How to handle a storage database migration#
Intended audience
sysadm staff members
If a storage database upgrade is needed, a migration script should already exists in the swh-storage git repository.
Upgrade version#
Check the current database version (first one in desc order):
select dbversion from dbversion order by version desc limit 1;
Say, for example that the result is 159 here.
Check the migration script folder in swh-storage:/sql/upgrades/ (and find the next one, for example 160.sql). It’s previous version number + 1 from the given db version retrieved (so 160 with the current example).
Note: That you could need to run more than one migration. It depends on the current packaged version and the next version we want to deploy. Check the git history to determine that.
Requisite#
Ensure the migration script runs first in the staging database (db0.internal.staging.swh.network is the node holding the swh staging database). Then you can go ahead and run it in production database (belvedere.internal.softwareheritage.org).
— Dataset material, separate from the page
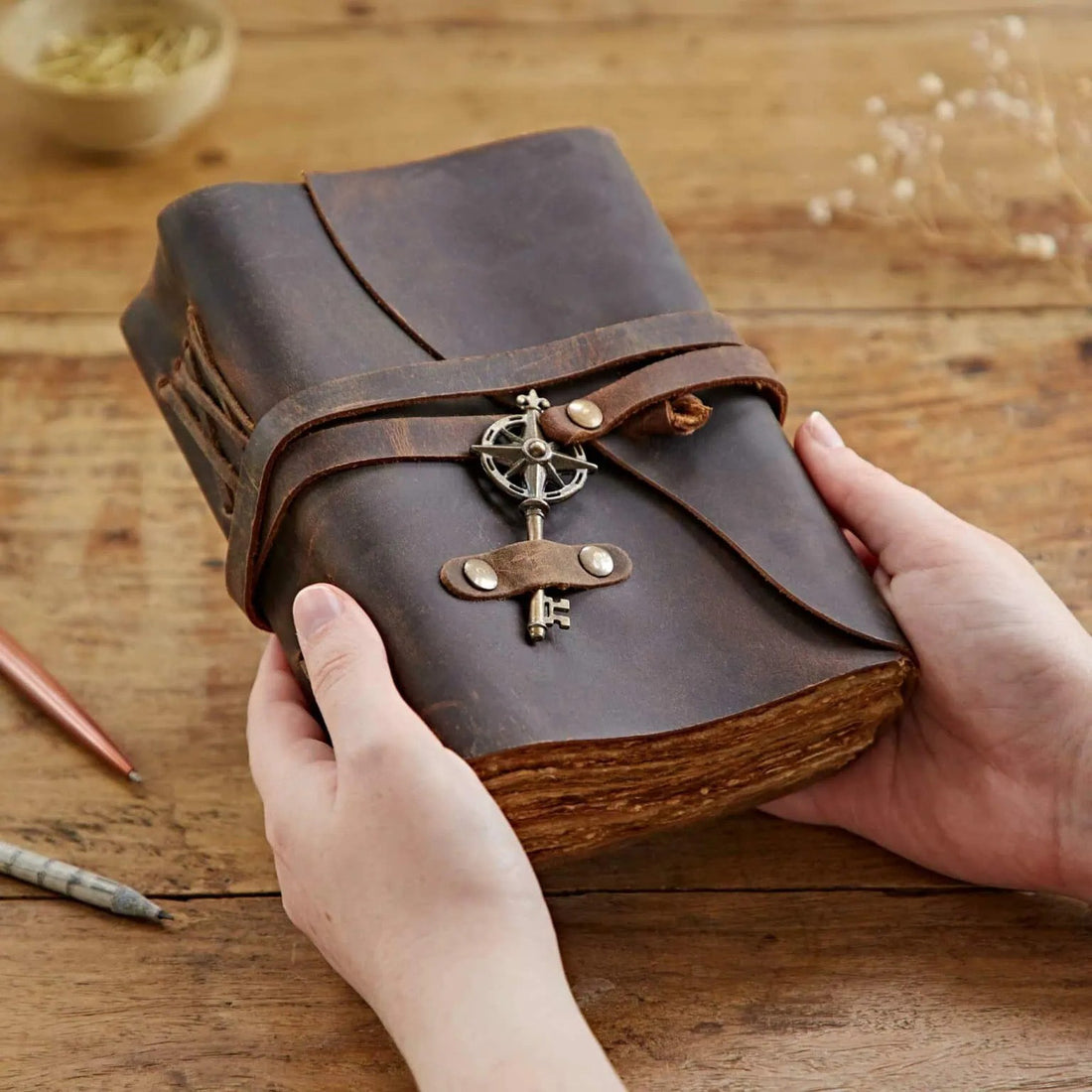 A hand holding an open leather journal with a metal compass key and a leather strap, on a wooden surface.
Connect to the db with the user with write permission, then run the script:
$ psql -e ...
> \i sql/upgrades/160.sql
Note:
-e so you can see the queries currently running prior to its result
For long-running scripts, connect to the remote machine first [5] [6]
Adaptations#
Hopefully, in production, the script runs as is without adaptation…
Otherwise, if the data volume for a given table is large, you may want to adapt. See 160.sql and its adaptation
For such a case, consider working on ranges on the table id instead. So it uses index and keep the transaction short. Long-standing migration query (translates to long running transaction). This could create too many WALs accumulation (for the replication), thus disk space starvation issue, etc…
Note#
We use grafana to ensure everything is fine (for example, for the replication, we use the postgresql database dashboard, bottom page to the right).
We also use it to keep a reference of what happened for a given deployment. For this, Open a grafana dashboard (for example worker task processing dashboard) and add a tag deployment (so it’s shared across dashboards) with a description on what is the current deployment about. It’s usually a list of module names that gets deployed and associated version deployed.